Getting Started

Start with the main demo to learn how the library works, and the basic features.

To see what using it for exploratory analysis in practice looks like, check out my notebook analysing Indirect Object Identification or my recording of myself doing research!

Mechanistic interpretability is a very young and small field, and there are a lot of open problems - if you would like to help, please try working on one! For inspiration on where the field is headed and why it matters, I highly recommend reading A Pragmatic Vision for Interpretability and How Can Interpretability Researchers Help AGI Go Well. They’re a great starting point for thinking about what a useful research project looks like.

If you’re new to transformers, check out my what is a transformer tutorial and tutorial on coding GPT-2 from scratch (with an accompanying template to write one yourself!)

Installation

pip install git+https://github.com/TransformerLensOrg/TransformerLens

Import the library with import transformer_lens

(Note: This library used to be known as EasyTransformer, and some breaking changes have been made since the rename. If you need to use the old version with some legacy code, run pip install git+https://github.com/TransformerLensOrg/TransformerLens@v1.)

Loading a Model

The canonical way to load a model is with TransformerBridge.boot_transformers.

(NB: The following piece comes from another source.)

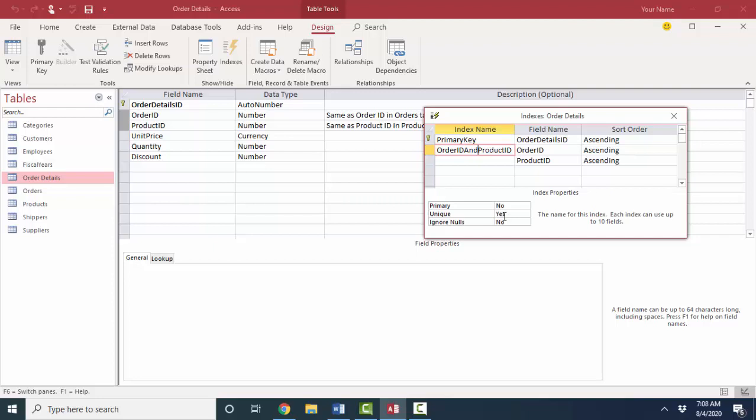You also want to look at your indexes because sometimes Access will automatically add indexes that you don't need, and that causes a little bit of overhead on your relational database that if deleted would speed up your performance. So it's good to review the indexes of every table for both performance reasons, to add the indexes that you need for the fields that you commonly sort on, or for the fields that you want a unique combination of values in, and to delete the indexes that you don't need. Both of those things will help you improve the integrity and performance of your database. Thank you.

It figures out the architecture, picks the right adapter, and hands you back a bridge object that exposes all the familiar APIs — to_tokens, to_string, generate, run_with_hooks, and run_with_cache:

from transformer_lens.model_bridge import TransformerBridge

bridge = TransformerBridge.boot_transformers("gpt2", device="cpu")
logits, cache = bridge.run_with_cache("Hello world")

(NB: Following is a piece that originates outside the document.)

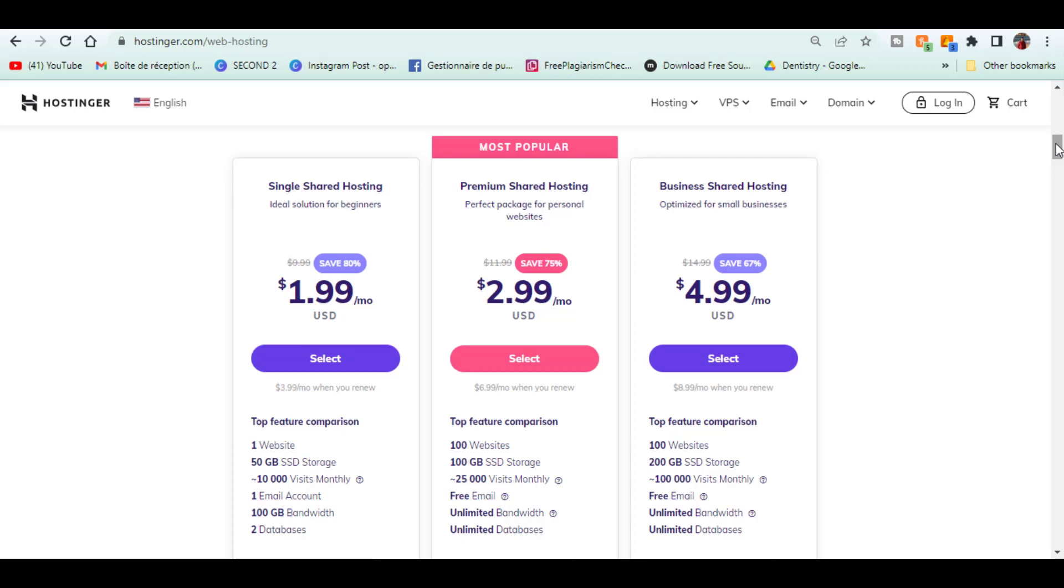With premium shared hosting plan, you get to host up to 100 websites, free domain, free SSL. The plan I personally use is the business shared hosting plan. It costs around $4.99 a month and comes with a lot of additional features that I am highlighting.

TransformerBridge wraps a HuggingFace model behind a consistent TransformerLens interface through an architecture adapter — each supported architecture has an adapter that maps the HF module graph onto a set of generalized components (embedding, attention, MLP, normalization, blocks) with uniform hook points. The big win is that the same interpretability code just works across arbitrary architectures, and the bridge preserves the native HF implementation rather than reimplementing it.

The bridge currently covers 50+ architectures spanning Llama, Mistral, Qwen, Gemma, OLMo, Phi, Mamba, LLaVA, and more. For the full list — including which models have been verified end-to-end — see the TransformerBridge Models page.

Advice for Reading the Code

The bridge is organized around a small set of generalized components wired together by an architecture adapter, which keeps the model code much easier to navigate than the older unified implementation. For a tour of the bridge’s canonical hook names, the component layout, and the expected tensor shapes at each hook point, see the Model Structure page. A small alias layer preserves the older TransformerLens hook names (e.g. blocks.{i}.hook_resid_pre) so legacy notebooks keep working — but new code should prefer the canonical names.

Huggingface Gated Access

Some of the models available in TransformerLens require gated access to be used. Luckily TransformerLens provides a way to access those models via the configuration of an environmental variable. Simply configure your HuggingFace access token as HF_TOKEN in your environment.

You will need to make sure you accept the agreements for any gated models, but once you do, the models will work with TransformerLens without issue. If you attempt to use one of these models before you have accepted any related agreements, the console output will be very helpful and point you to the URL where you need to accept an agreement. The most popular gated families supported by TransformerLens are the Llama, Mistral/Mixtral, and Gemma models.